• **Records for the exercise**:
------------------------------------------------------------------------

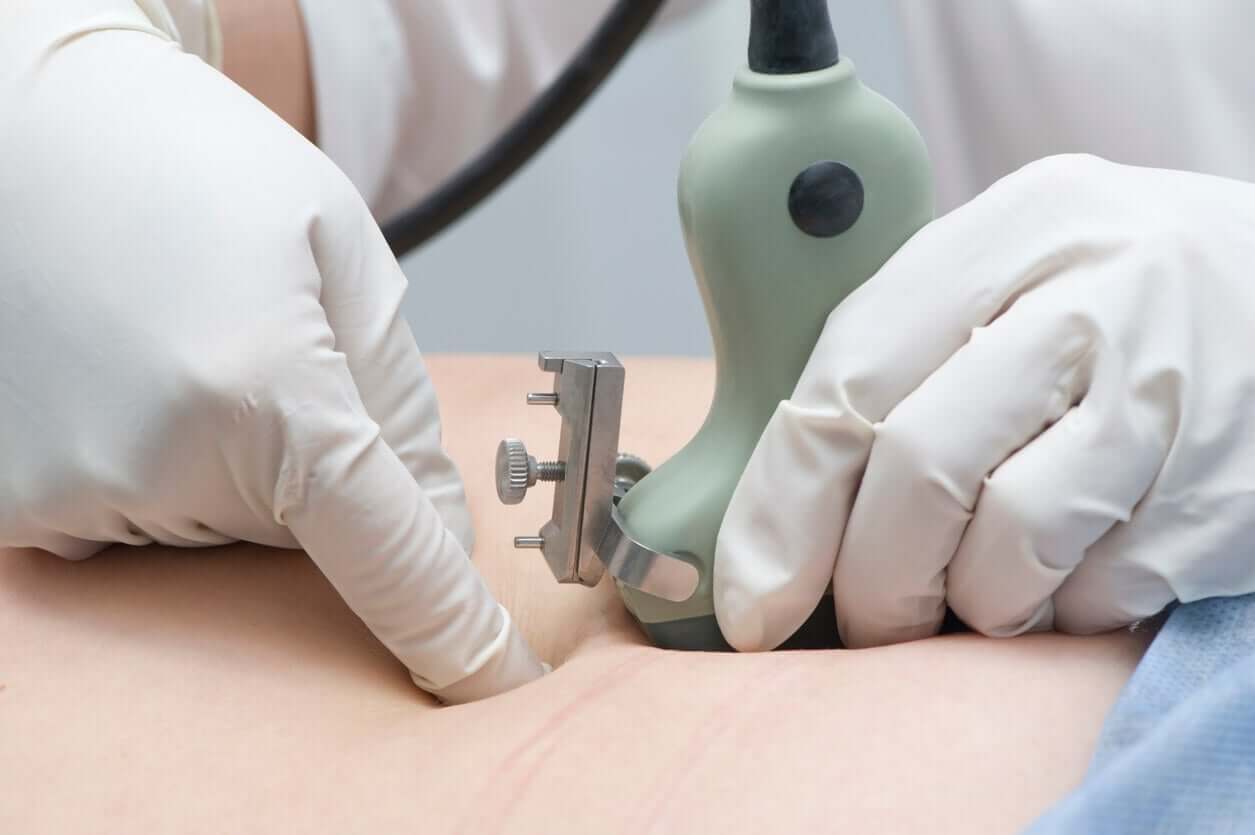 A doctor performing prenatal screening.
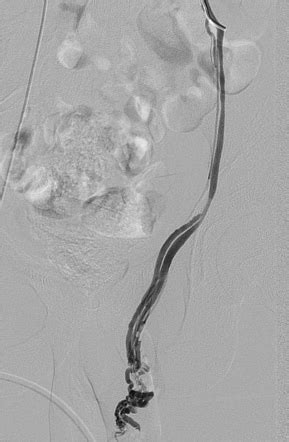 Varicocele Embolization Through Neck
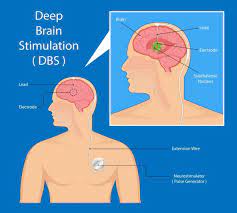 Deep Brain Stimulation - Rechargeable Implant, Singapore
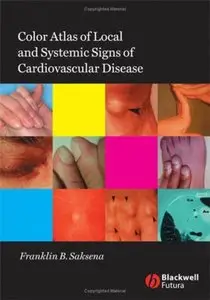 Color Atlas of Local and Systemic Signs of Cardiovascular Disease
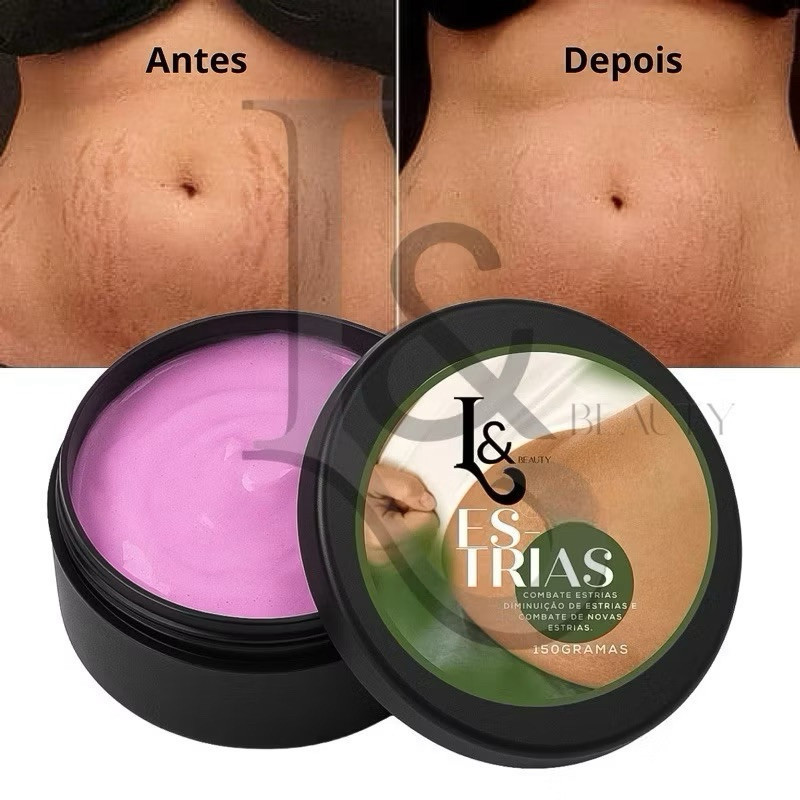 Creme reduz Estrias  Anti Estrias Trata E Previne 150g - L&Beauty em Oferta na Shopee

------------------------------------------------------------------------

• **Problem description**: For the entries above, return an exact copy that omits the images.

• **Solution to this exercise**:
 A doctor performing prenatal screening.
 Varicocele Embolization Through Neck
 Deep Brain Stimulation - Rechargeable Implant, Singapore
 Color Atlas of Local and Systemic Signs of Cardiovascular Disease
 Creme reduz Estrias  Anti Estrias Trata E Previne 150g - L&Beauty em Oferta na Shopee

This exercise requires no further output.